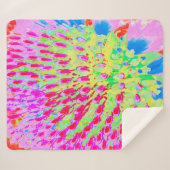 Abstrakte Kone-Blume mit mehrfarbigem Regenbogen Sherpadecke (Vorderseite (Horizontal))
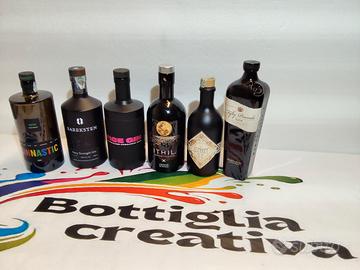 LOTTO GIN VETRO NERO 6 BOTTIGLIE VUOTE 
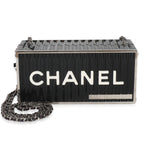 Chanel 18A Black Lucite Paris Hamburg Minaudiere Shipping Container Clutch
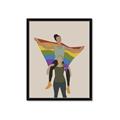 Picture of Two girls with rainbow flag II _GroupedProduct_Rectangle_Portrait_Framed_Matted_
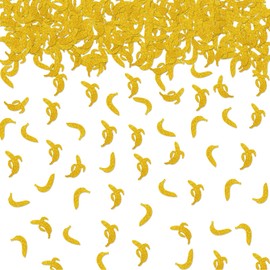 100pcs Banana Confetti, Gold Glitter Banana Table Confetti for Baby Shower, Banana Paper Scatters, Fruit Themed Birthday/Tropical Party Table Decoration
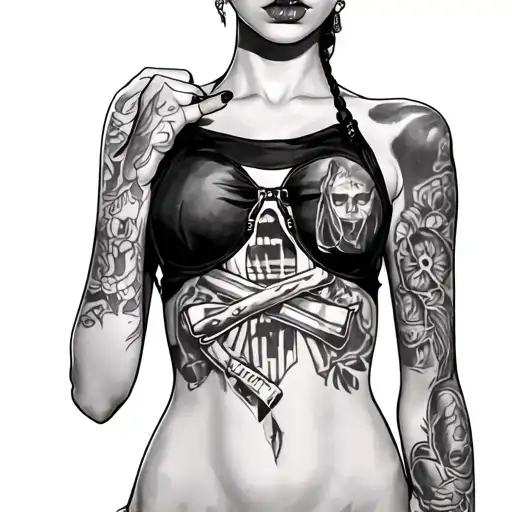 gangster girl, gangster style with prison motifs tatto on sternum tattoo design idea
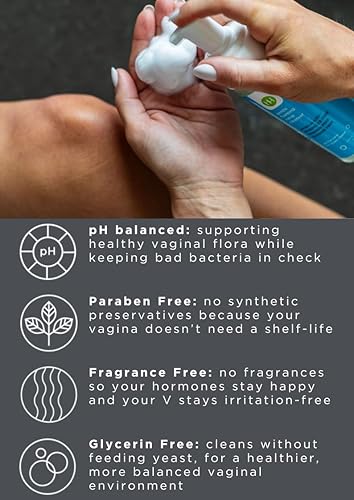Miniatura 3 de Limpiador suave de vulva espumante, jabón vaginal equilibrado con pH para mujeres con ingredientes naturales y orgánicos, sin parabenos, sin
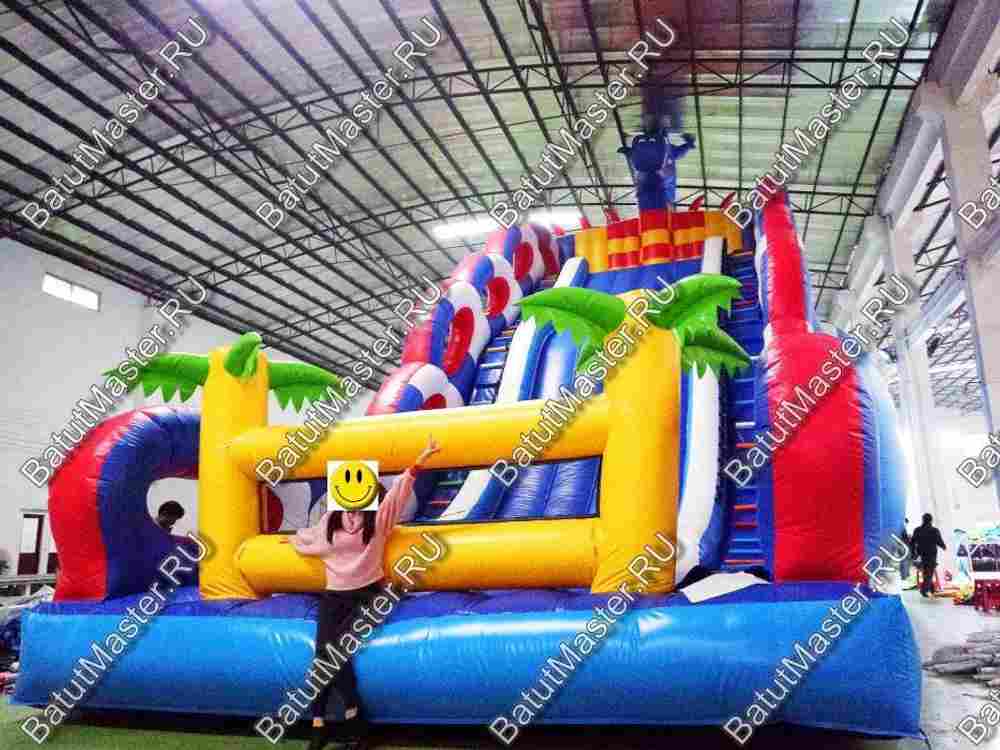 Коммерческий надувной батут-горка "Дракон" 15*7*11 м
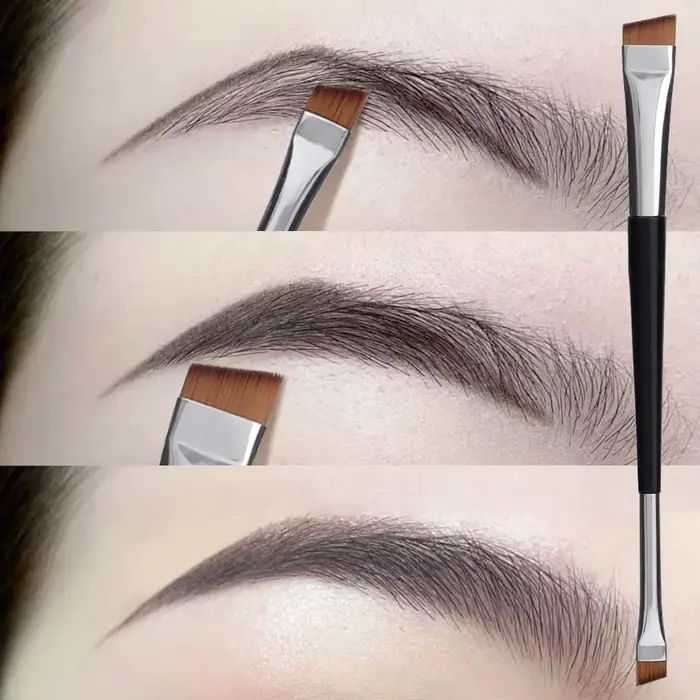 Brosse à sourcils professionnelle, Eyeliner, lame à tête plate coudée, pinceaux de maquillage pour C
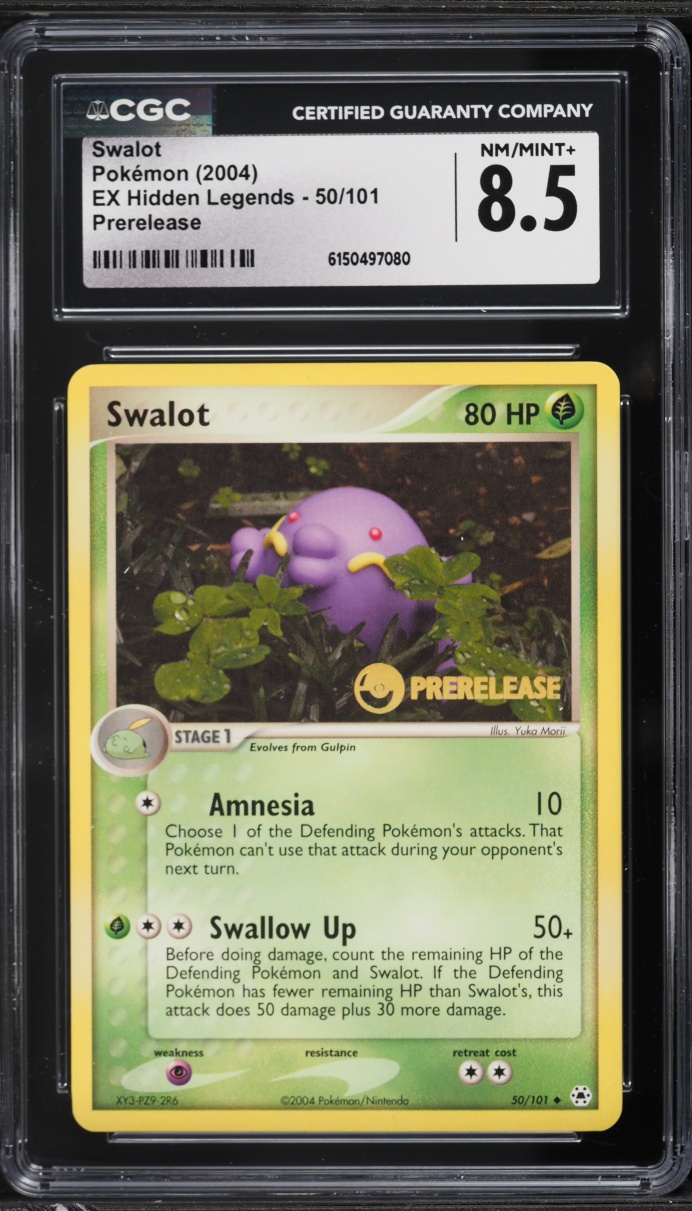 2004 Pokemon EX Hidden Legends Prerelease Swalot #50 CGC 8.5 NM-MT+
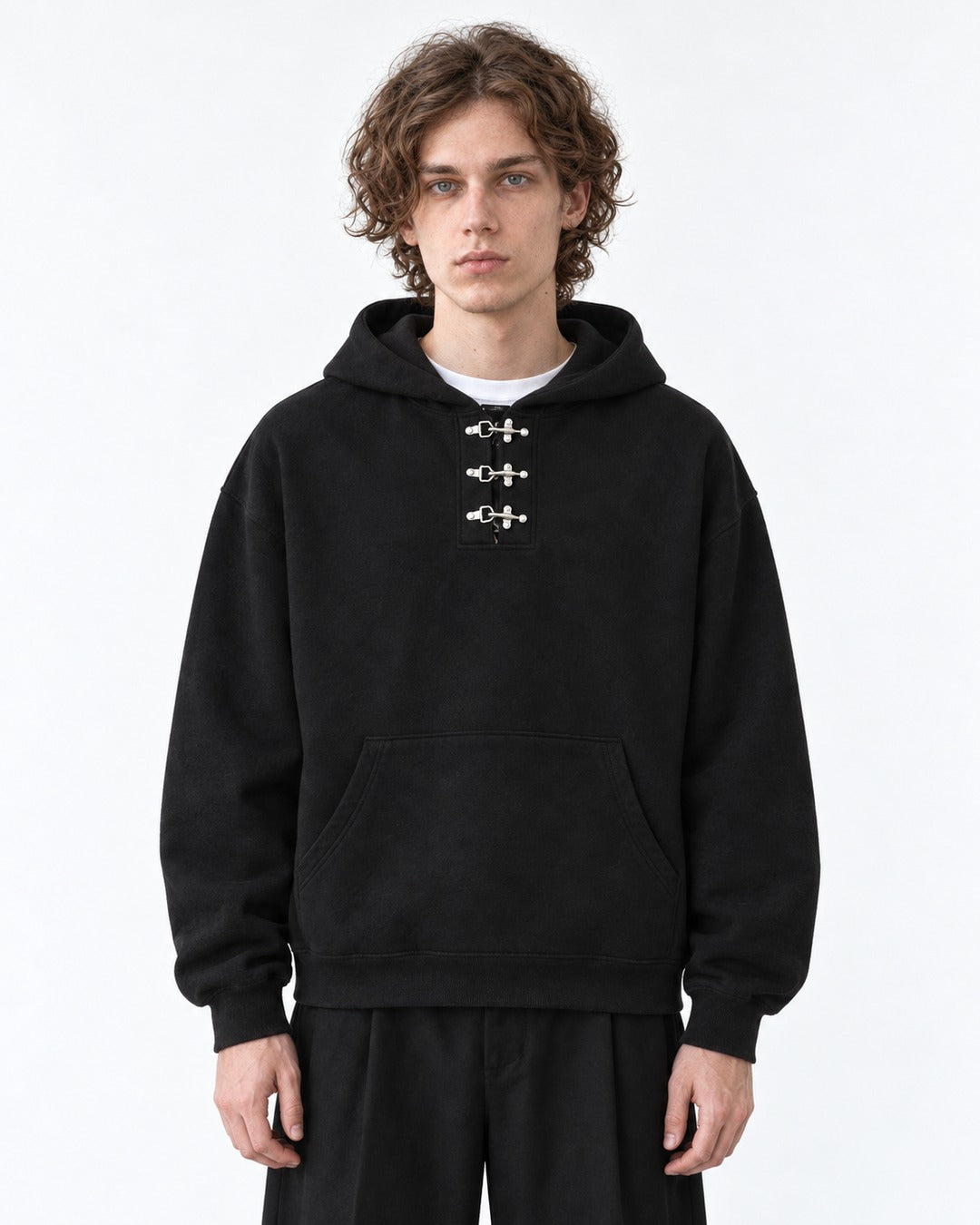 Triple Clasp Neck Hoodie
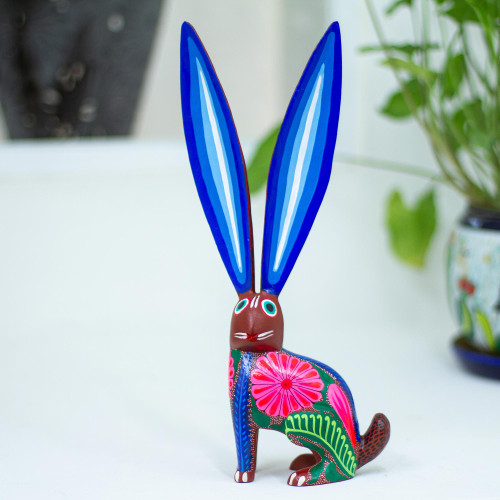 Hand-Painted Wood Alebrije Rabbit Sculpture from Mexico 'Long-Eared Rabbit'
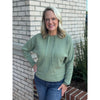 Darla Mini Waffle Texture Dolman Sleeve Hoodie Sweater - Dark Sage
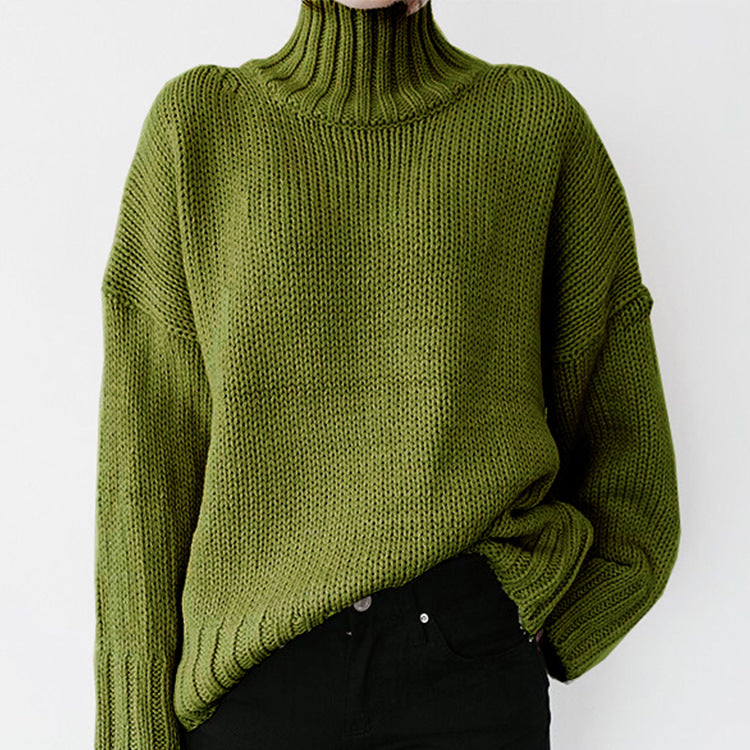 Thick knit women's pullover with high collar and relaxed fit Lune London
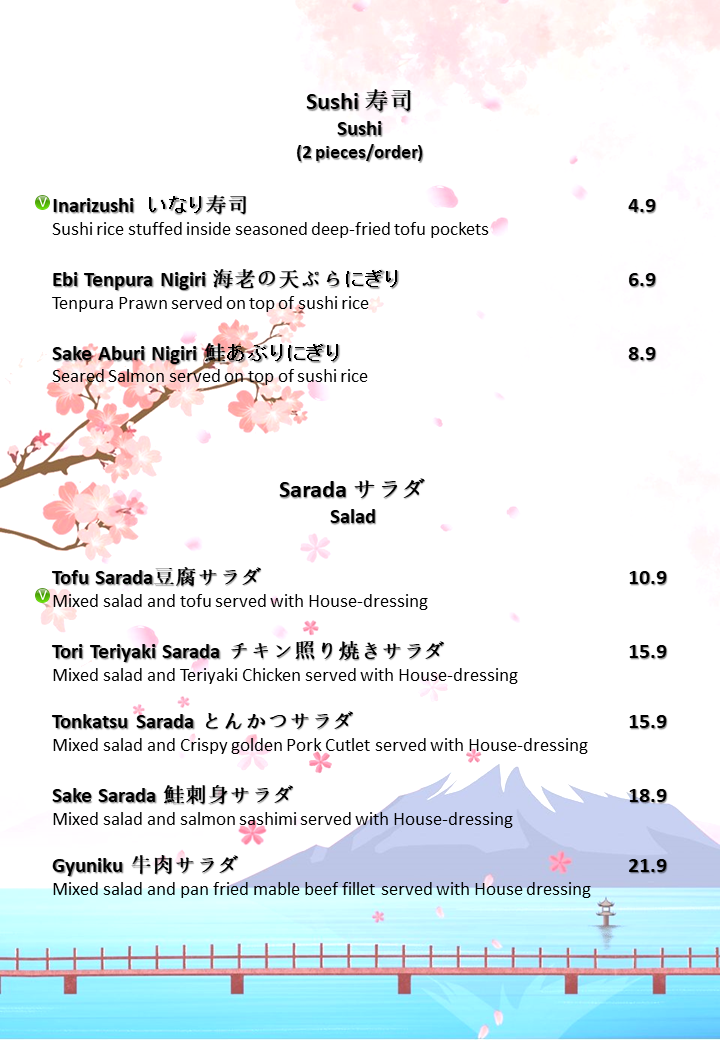Menu, Mr Shabu Shabu
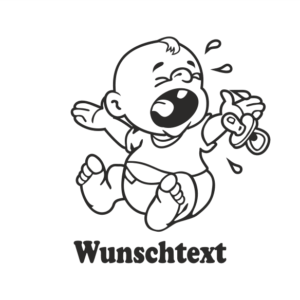 Junge mit Namen als Babyaufkleber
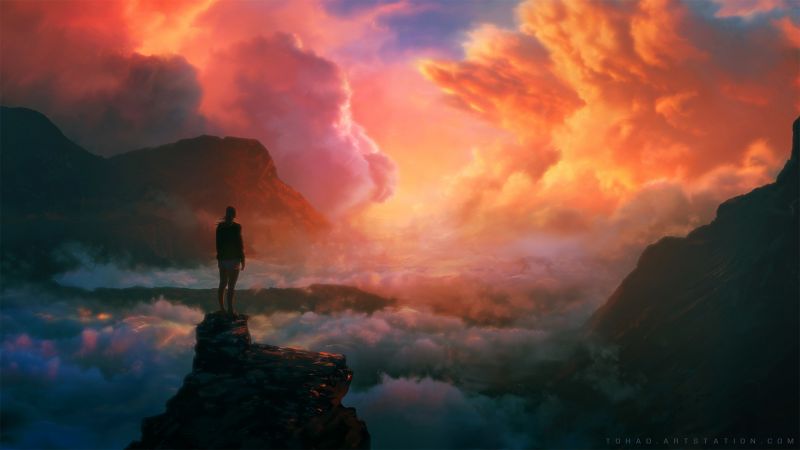 1728x972 px, Landschaft, Berge, Wolken, digitale Kunst, Himmel 1728x972 px, Landschaft, Berge, Wolken, digitale Kunst, Himmel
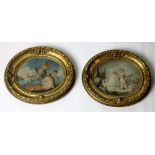 A pair of 19th Century coloured Bartolozzi oval Prints,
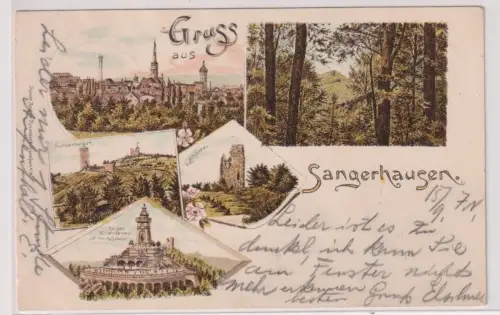 65110 Ak Lithographie Gruß aus Sangerhausen 1898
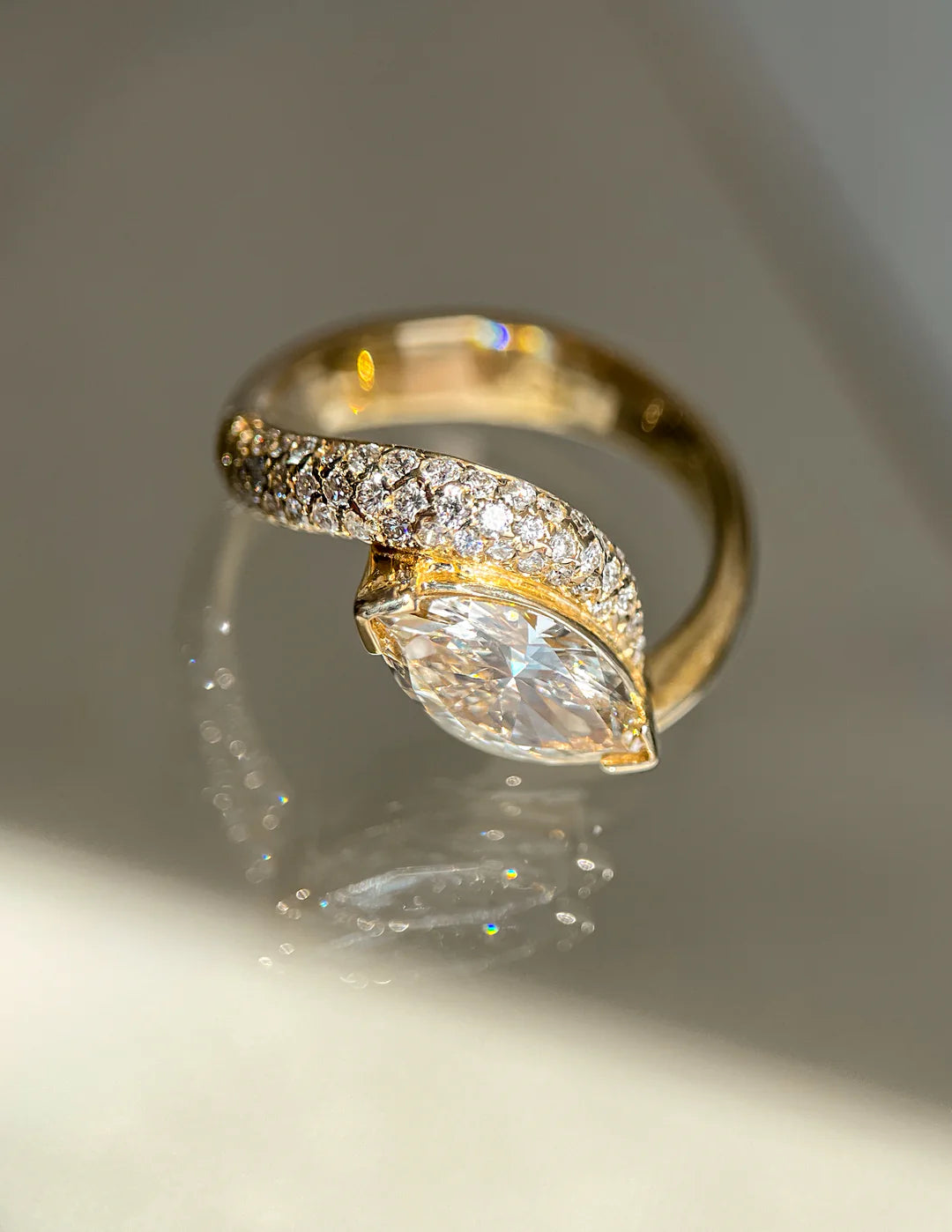 1.50CT Champagne Marquise Lab Grown Diamond Pave Unique Ring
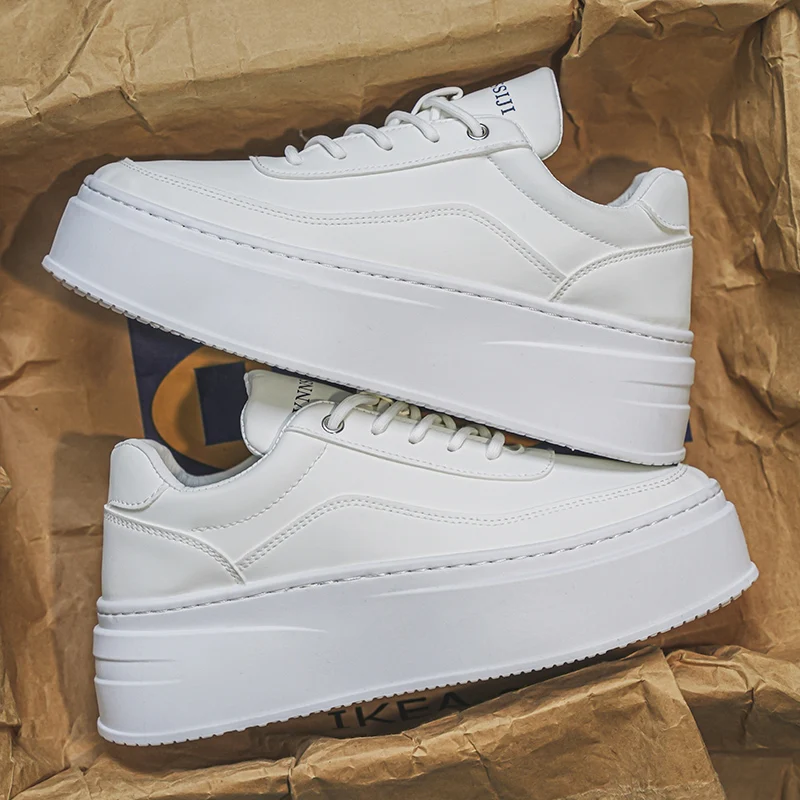 Men's Leather Upper Casual Shoes Thick Bottom Elevator Sneakers, Comfortable Non-Slip Men's Walking Shoes for Daily Wear
Men's Leather Upper Casual Shoes Thick Bottom Elevator Sneakers, Comfortable Non-Slip Men's Walking Shoes for Daily Wear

YOUR INSTRUCTIONS – Please quote the lines of the material, beginning with the first and ending with the one that contains "Picture of Two", exactly as written and without any pictures.

WRITTEN RESPONSE –
 Abstrakte Kone-Blume mit mehrfarbigem Regenbogen Sherpadecke (Vorderseite (Horizontal))
 LOTTO GIN VETRO NERO 6 BOTTIGLIE VUOTE 
 Chanel 18A Black Lucite Paris Hamburg Minaudiere Shipping Container Clutch
 Picture of Two girls with rainbow flag II _GroupedProduct_Rectangle_Portrait_Framed_Matted_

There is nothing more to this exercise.